Multiple Database Catalogs for multi-tenancy

Your organization can use Cloudera Data Warehouse (CDW) to create and host proprietary data warehouses and data marts. You learn how to create multiple default Database Catalogs for a secure, multi-tenant environment. Consequently, you can provide different Hue instances to each tenant for business analytics.

Database Catalogs are HMS instances that share the Hive metastore database used by your CDP environment. An environment can have multiple Database Catalogs, which include references to the cloud storage for data. When you activate an environment from the Data Warehouse UI, a default Database Catalog is created (format: environment_name-default).
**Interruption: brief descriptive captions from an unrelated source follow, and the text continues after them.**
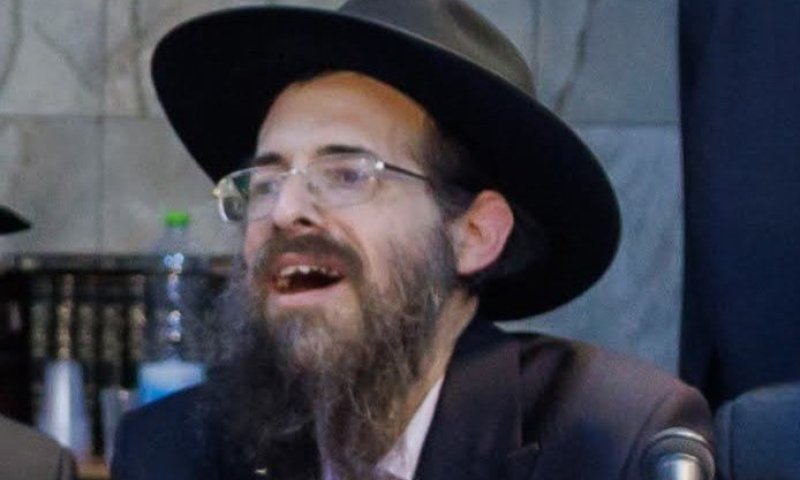 אבידה עצומה בעולם התורה: הגאון המופלג רבי יוסף שלמה ליסיצין זצ"ל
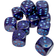 Chessex Speckled Cobalt 16mm D6 12 Dice Block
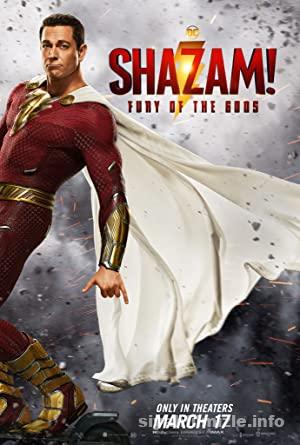 Shazam! Tanrıların Öfkesi 2023 Filmi Türkçe Dublaj Full izle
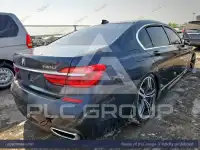 2016 BMW 730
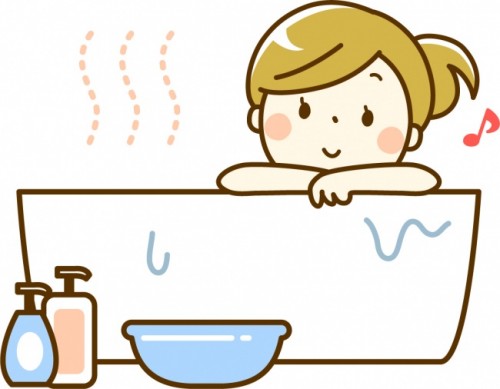 ダイエット中のお風呂に入るタイミングが良い時間帯は？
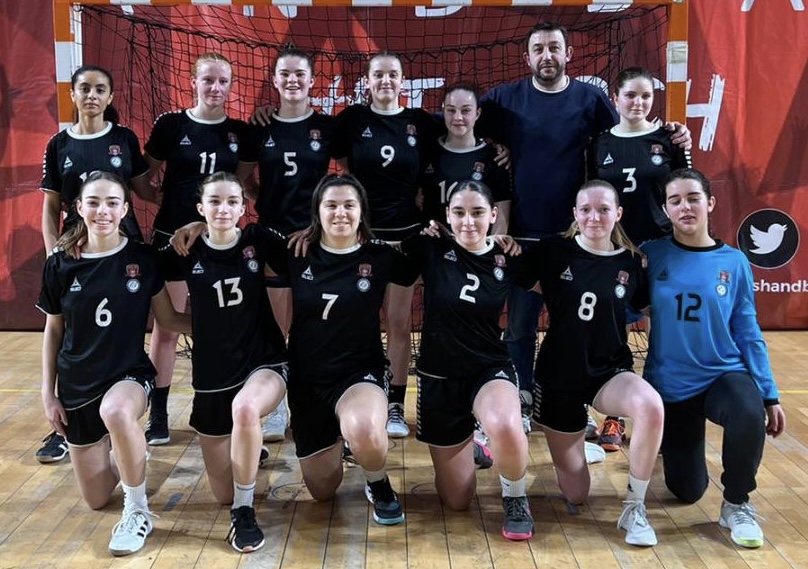 Entente RCH/ASSBC U18F Région (Poule 1)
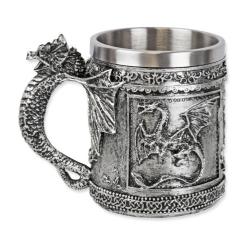 Mug fantastique dragon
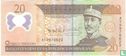 Dominicaanse Republiek 20 Pesos Oro 2009 - Afbeelding 1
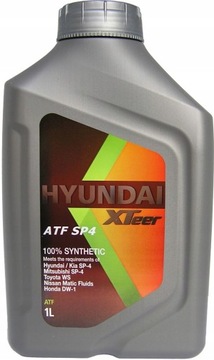 ATF SP4 Hyundai XTeer - olej przekładniowy 1L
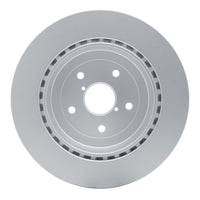 DFC 05-07 Subaru Impreza Rear Hi-Carbon Alloy Geomet Coated Rotor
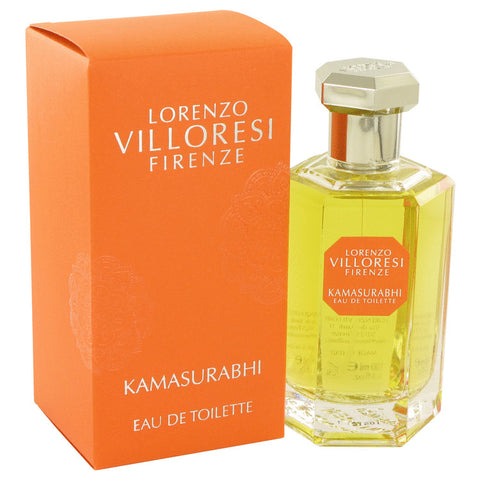 Kamasurabhi Perfume By Lorenzo Villoresi Eau De Toilette Spray For Women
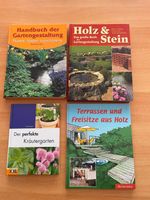 Bücher für Gartengestaltung Bayern - Landau a d Isar Vorschau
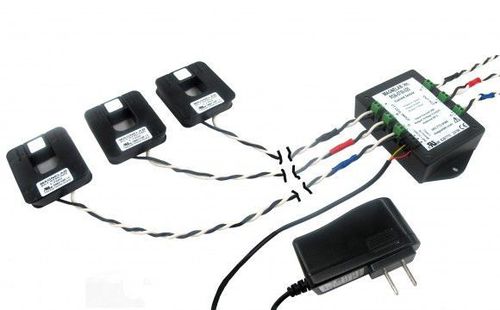 Transformer current sensor - RGS-0750 series  - MAGNELAB - AC / three-phase / split-core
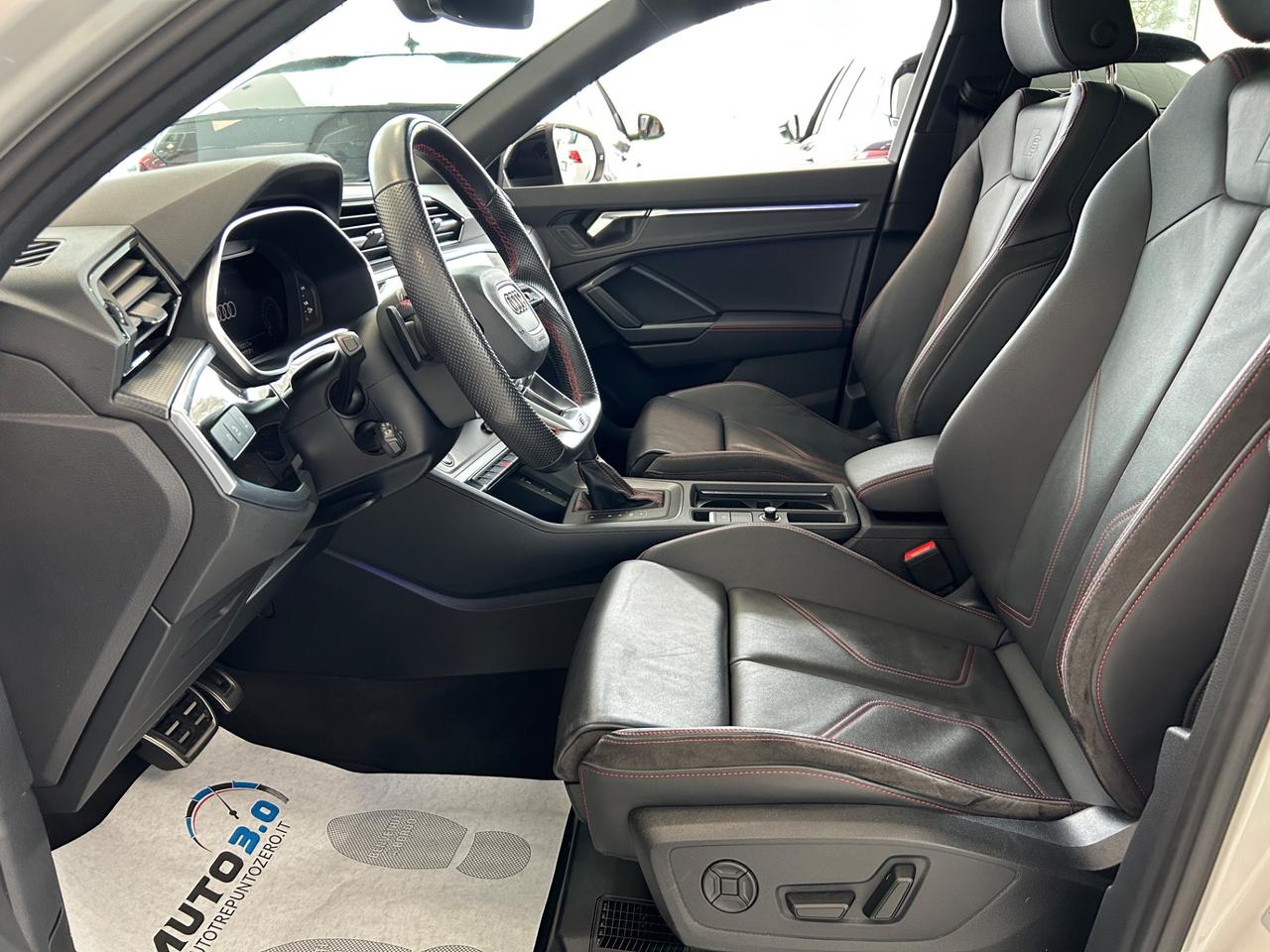 Audi Q3 SPB 40 TDI quattro S tronic S line edition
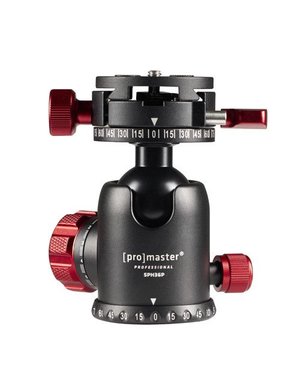 Promaster Specialist series SPH36P Ball Head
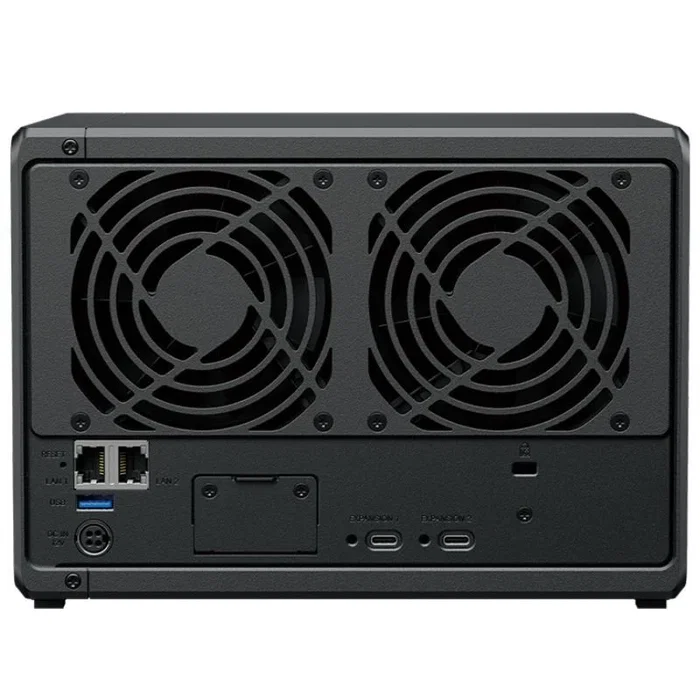Synology DiskStation DS1525+ NAS de 5 bahías con 16GB DDR4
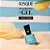 Esmalte Risque Diamond Gel Azul Capri 9,5ML - Imagem 2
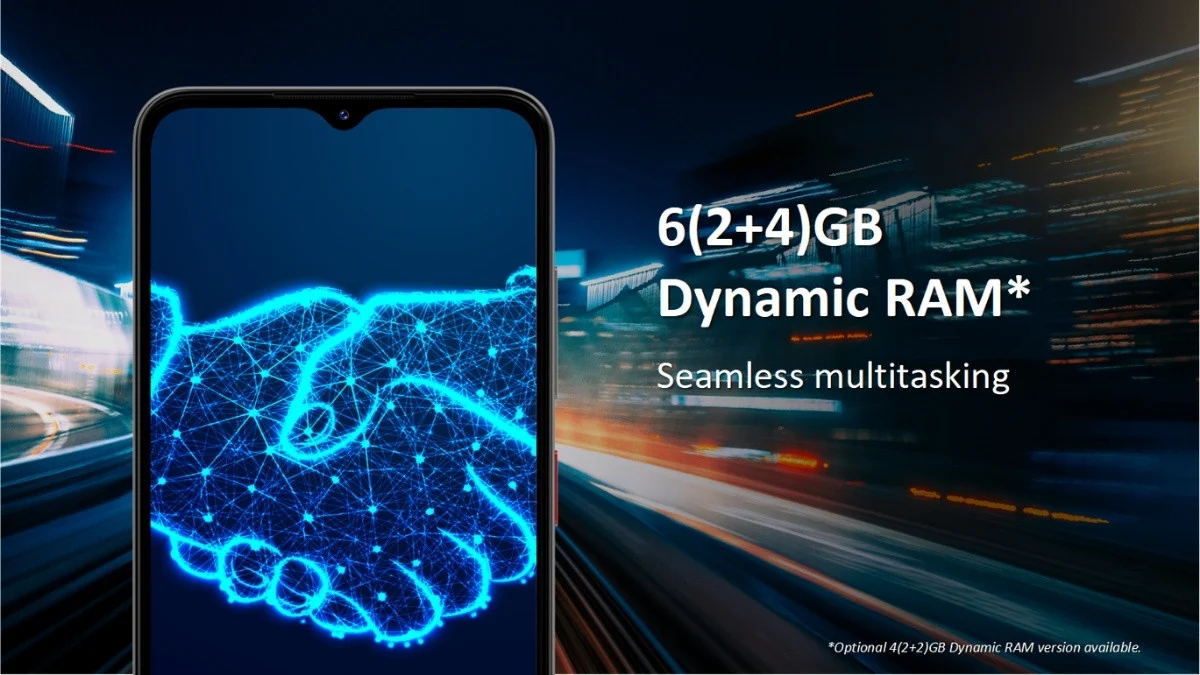 ไขปริศนา RAM ใน ZTE Blade A35e เมื่อสเปกทำให้คนงงมากกว่าตื่นเต้น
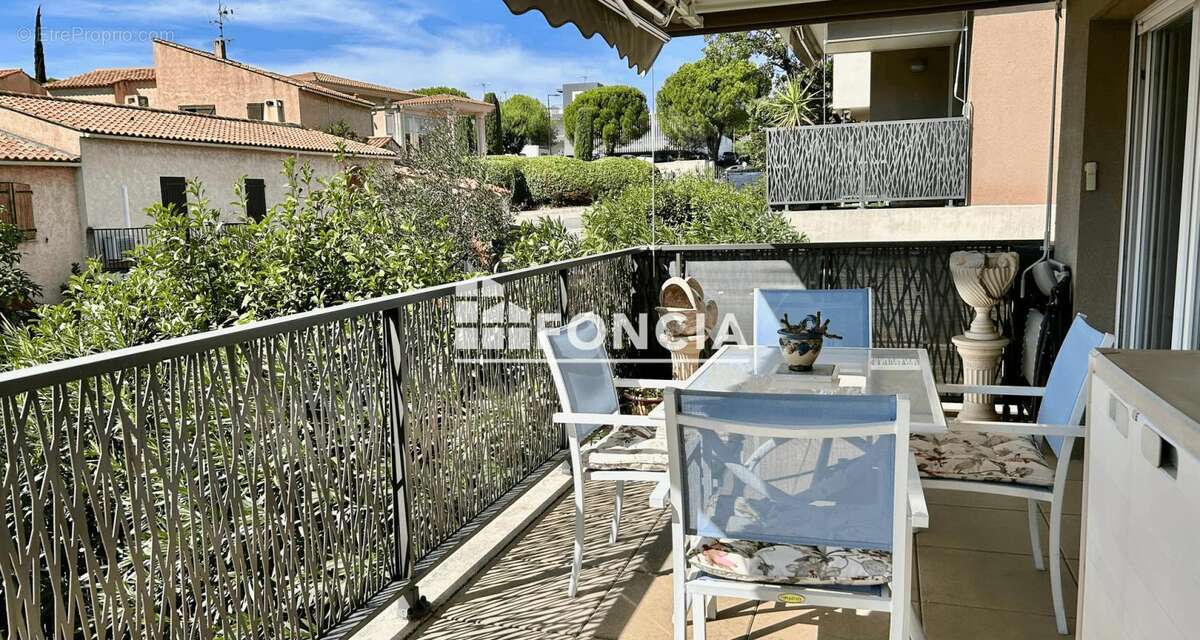 Appartement à FREJUS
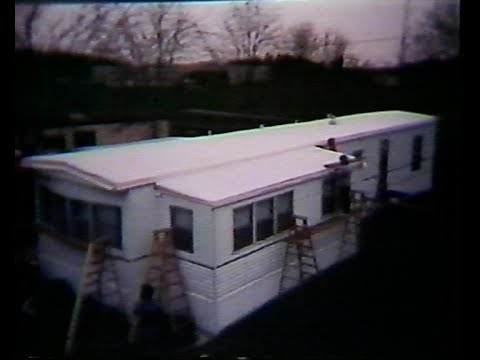 December 1987 - Roof Blanket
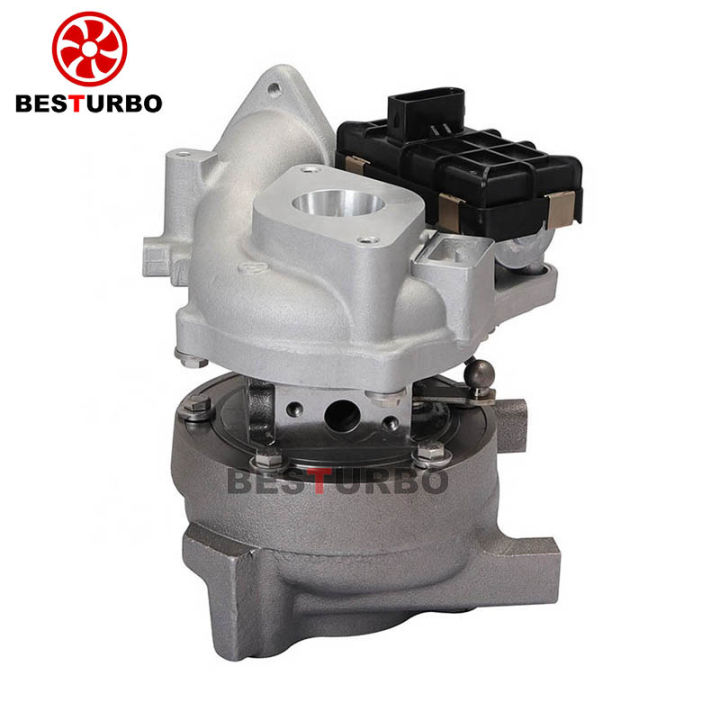 BV40เทอร์โบชาร์จเจอร์14411-3XN1A เทอร์โบ53039880268 53039700268สำหรับนิสสัน Murano YD25DDT 2.5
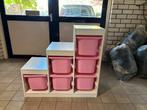 Trapkast Ikea, Gebruikt, 105 cm of meer, Ophalen of Verzenden, 75 tot 100 cm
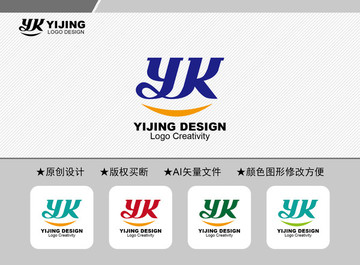 YK標(biāo)志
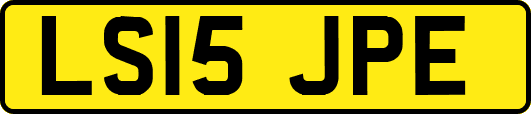 LS15JPE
You can add additional default Database Catalogs if you want a standalone data warehouse without any data from the tables that are in the environment.

The default Database Catalog activated from the Data Warehouse UI shares the HMS metastore database with HMS instance in the Data Hub cluster. You can access any objects or data sets created in the Data Mart or the Data Engineering clusters from CDW Virtual Warehouses and vice versa. The Hue database contains saved queries and query history that are stored in the Database Catalog.

For security, privacy, and resource isolation, the data sets and queries, job history, and other artifacts of one tenant are isolated from other tenants. The following architecture diagram shows the shared Hive metastore database.

If your data is stored on cloud object storage, such as S3 or ABFS, access to the shared data is controlled on the database level for each tenant through a common Ranger repository. Tenants have dedicated databases, but can also share data with other tenants if required.